Back in 1980, when I wrote ‘The Colonel’s Ferraris’ – the story of British Ferrari importer Col. Ronnie Hoare’s Maranello Concessionaires racing team – Michael contributed the following as a postscript in honour of the Colonel, with whom he had worked for many years as sales director and team driver, and also – very firmly – as a friend.

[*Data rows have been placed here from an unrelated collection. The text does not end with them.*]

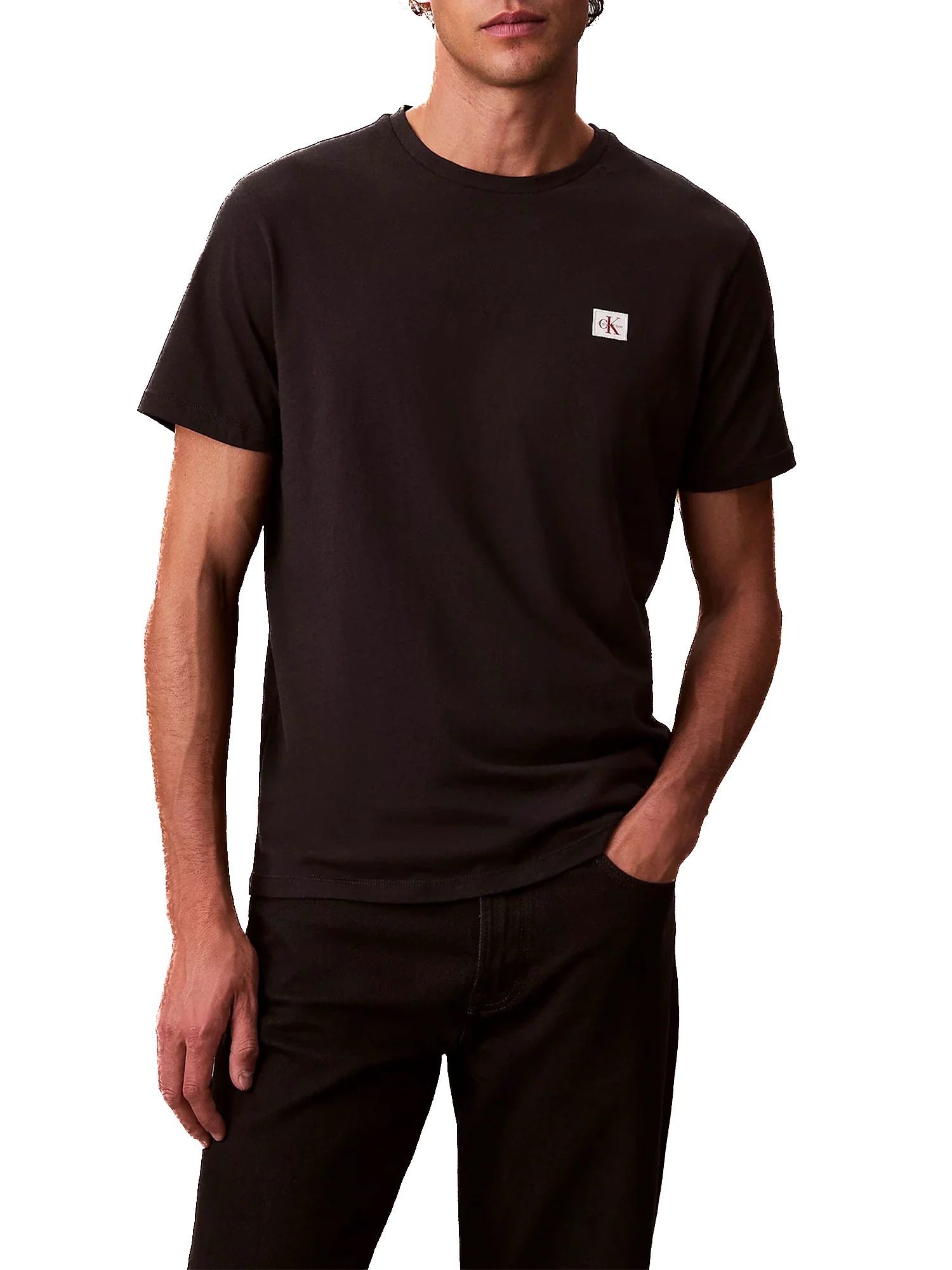 T-shirt Calvin Klein con mini patch logo nero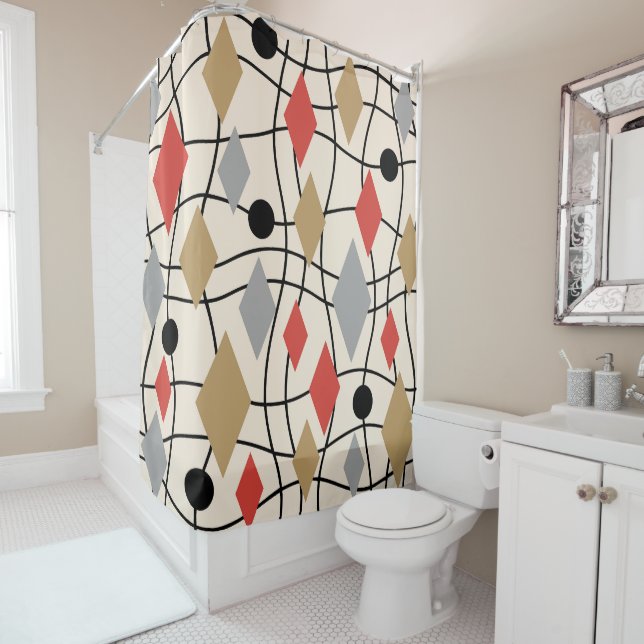 Mid Century Modern Geometric Abstract Shower Curtain (In Situ)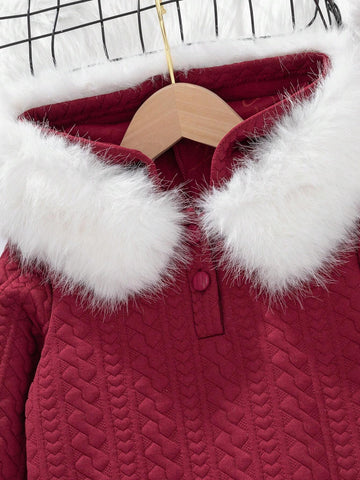 Girls Turtleneck Hooded Cable Knitted Plush A-Line Midi Dress, Elegant High-End Luxury Felt Trim Long Sleeve Bodycon Party Christmas Outfit, Autumn/Winter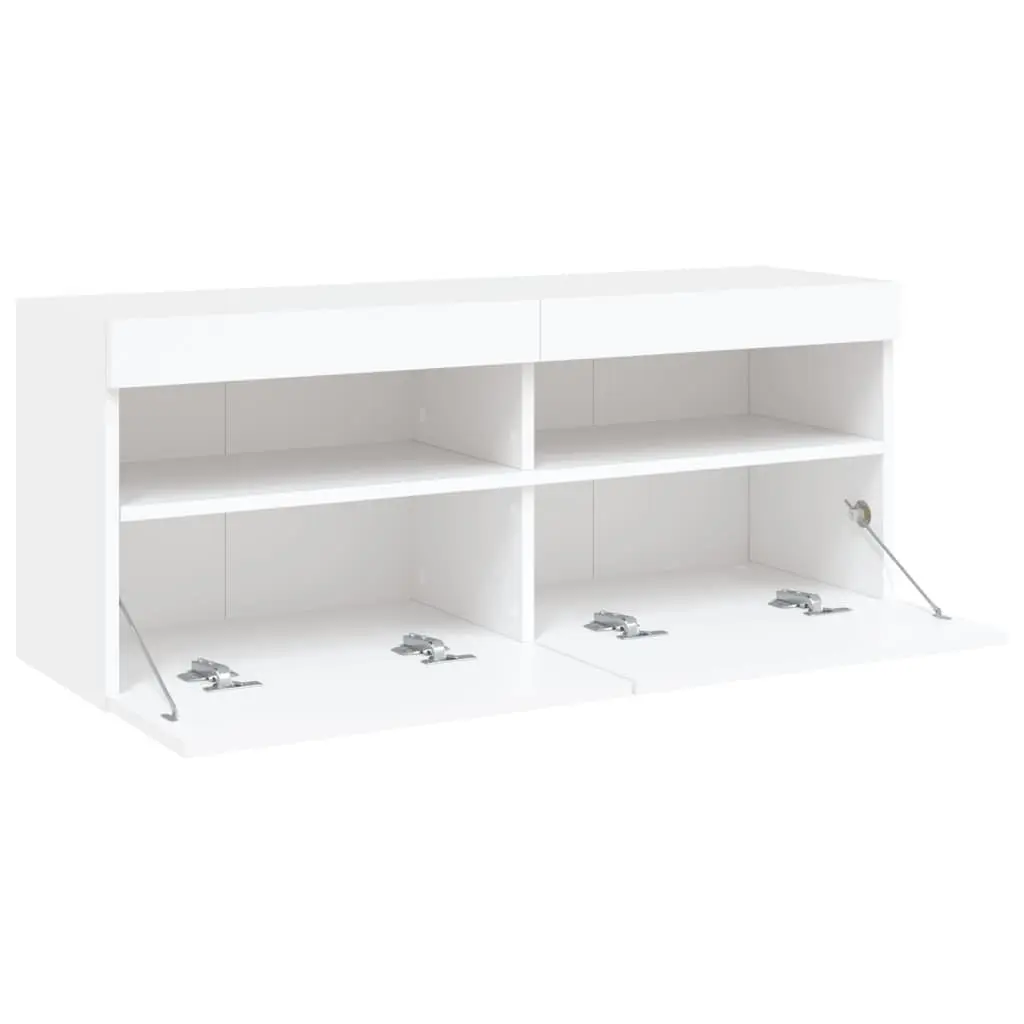 TV Wall Cabinet Engineered Wood 100 x 30 x 40 cm White with RGB LED Lights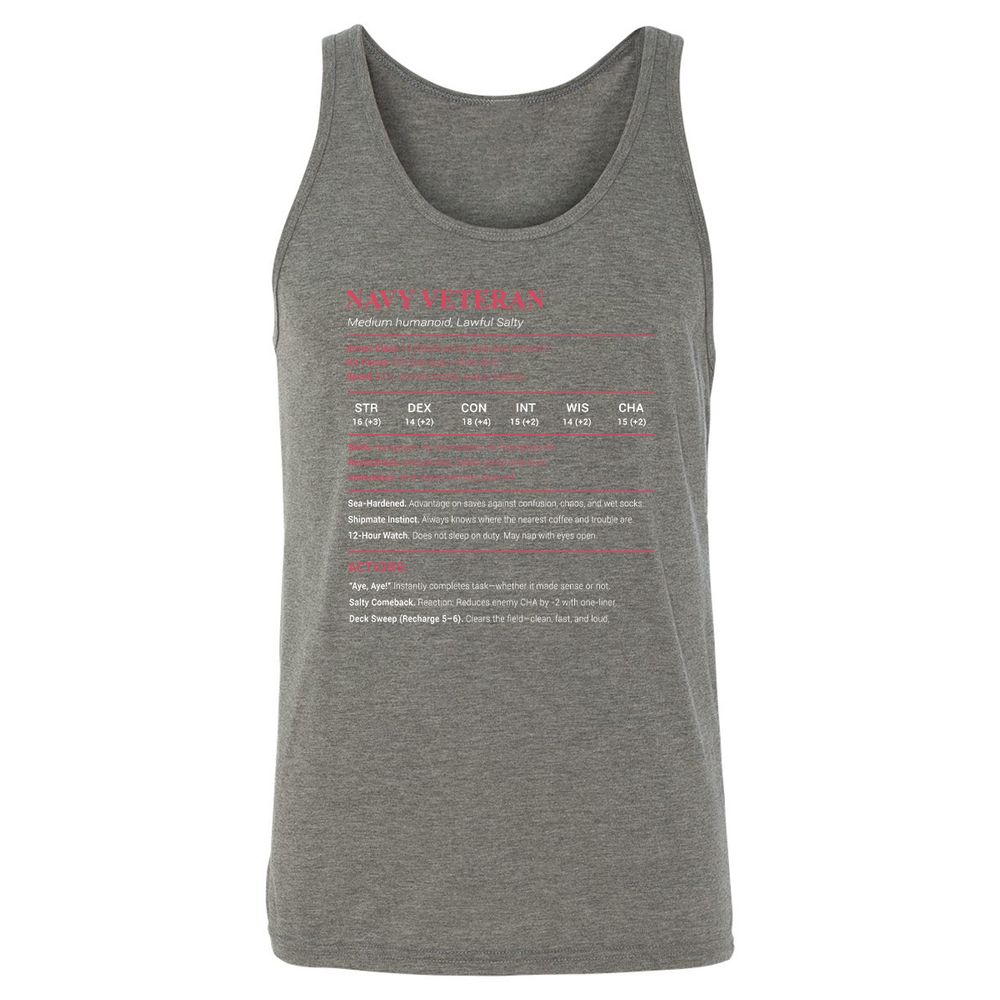 Navy Veteran Unisex Jersey Tank - Grey Triblend - 8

‘It was always a great honour to be invited to drive a Maranello Concessionaires Ferrari – not only because one knew that the machine would be the latest creation from the factory, but that the entire operation would be run with total dedication by Ronnie Hoare. Ronnie treated each one of his competition cars as his own personal property – the preparation and attention to detail was infinite and the organisation dealt with on almost military lines – but there was one big difference.
‘I remember,’ he proceeded. ‘On one occasion at Le Mans when our 330LM/B was lying fourth overall, when it was decided to change the nearside rear wheel. Unfortunately the hub had turned on the splines making removal almost impossible.
‘After agonizing minutes – much heaving and hammering – the replacement was fitted. Had this not been the case the Ferrari would almost certainly have been withdrawn as, in Ronnie’s opinion, the safety of the driver would have been in jeopardy.
‘Yes, racing for the Colonel was a never to be forgotten experience. Sadly those days have gone forever. No longer can private teams afford to run exotic machinery in long distance events in the Maranello Concessionaires’ style. Ferrari drivers have been, and always will be, privileged people…’
And he had been one of that privileged elite. In fact Michael had co-driven the Colonel’s lovely 330 LM/B – with its 4-litre V12 engine – to finish fifth overall and third in class at the 1963 Le Mans 24-Hour race, sharing its cockpit with Jack Sears. Later that year he drove a Maranello Concessionaires 250 GTO home sixth in the Grovewood Trophy race at Mallory Park, and shared the sixth-placed Concessionaires-entered 250 GTO/64 – based on the Colonel’s Goodwood 1963 TT-winning chassis ‘4399 GT’ – with Innes Ireland in the 1965 Monza 1,000km.
Mike placed sixth again in that year’s Spa 500km, second in class in that same 250 GTO/64 – and then shared the Colonel’s latest Ferrari 250 LM with Lucien Bianchi at Le Mans, this time failing to finish – as LMs (with their fragile gearboxes) so often did. He was out of luck again at Le Mans in 1966 sharing the Colonel’s gorgeous little Ferrari Dino 206S with David Hobbs.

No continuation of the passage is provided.